NASA has a dedicated site: Space Math Problems Sorted by NASA Mission and Program (https://spacemath.gsfc.nasa.gov/mission.html). Maybe somebody can find an example there demonstrating that REAL10 is not enough.

I had a boss who used to claim that black and white Hercules graphics cards would become the standard for professionals  color monitors are distracting and only suitable for games. Fear of change, attachment to the habits and the old things is a symptom of ageing. I can understand that. :t
But on this thread's line lets read David H. Bailey and see what he thinks (https://www.davidhbailey.com/dhbpapers/highprecarith.pdf).

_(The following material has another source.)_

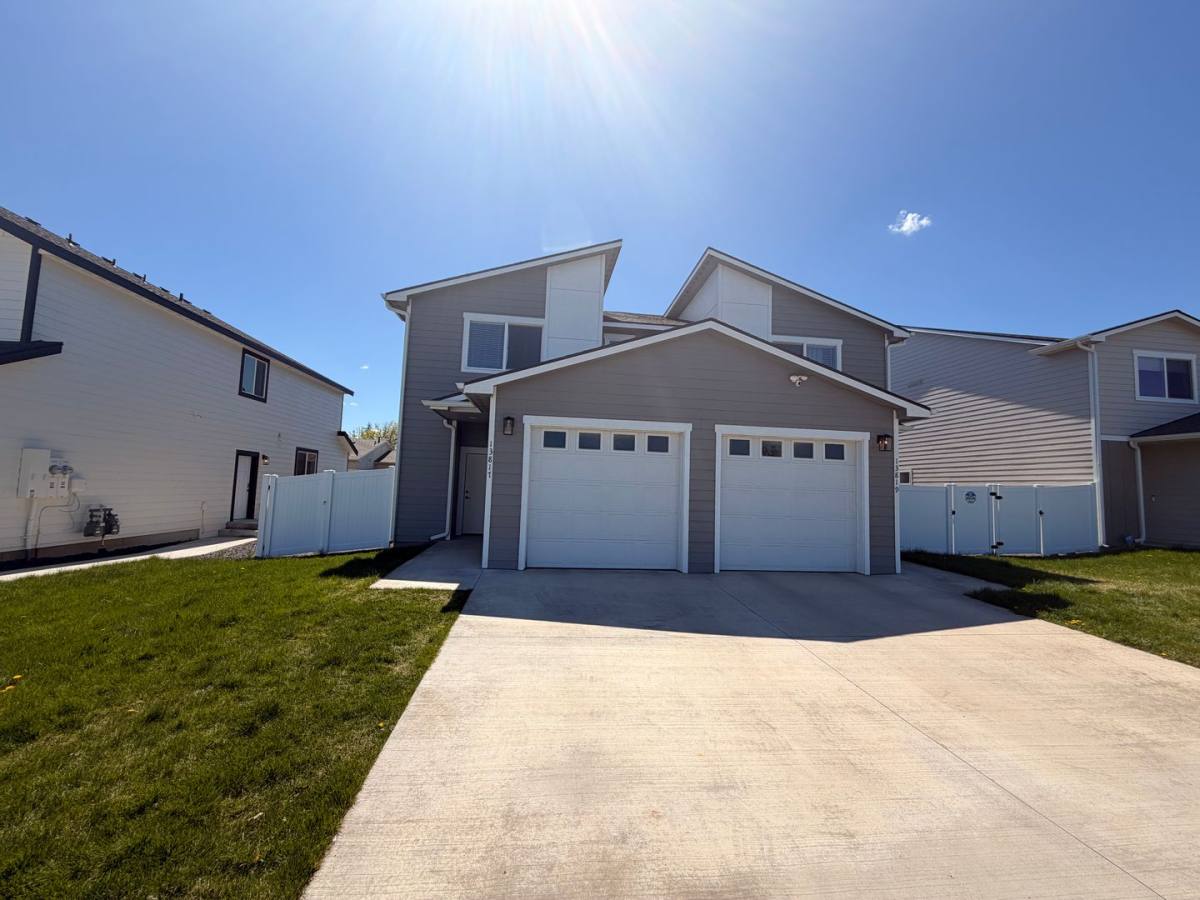 Apartment for rent at 13817 W Redding Dr, Airway Heights, WA 99001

I had a boss who used to claim that black and white Hercules graphics cards would become the standard for professionals  color monitors are distracting and only suitable for games. Fear of change, attachment to the habits and the old things is a symptom of ageing. I can understand that. :t
But on this thread's line lets read David H. Bailey and see what he thinks (https://www.davidhbailey.com/dhbpapers/highprecarith.pdf).

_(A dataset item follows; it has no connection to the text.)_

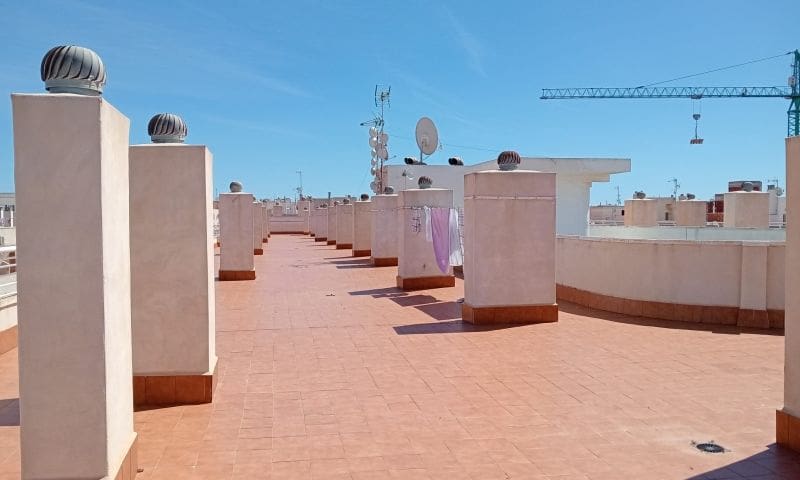 2 soverom Leilighet til salgs i Torrevieja med garasje - € 129 995 (Ref: 8951928)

Very interesting article. But, most of the quoted examples generally require bignum libraries. Those examples also indicate that requirements for greater precision is primarily for a micro niche of applications in advanced research; very little of it, if any, is related to common activities.
Most probably less than one in a million programmers would ever have a real need for such precision (and may also prefer using a HLL. :()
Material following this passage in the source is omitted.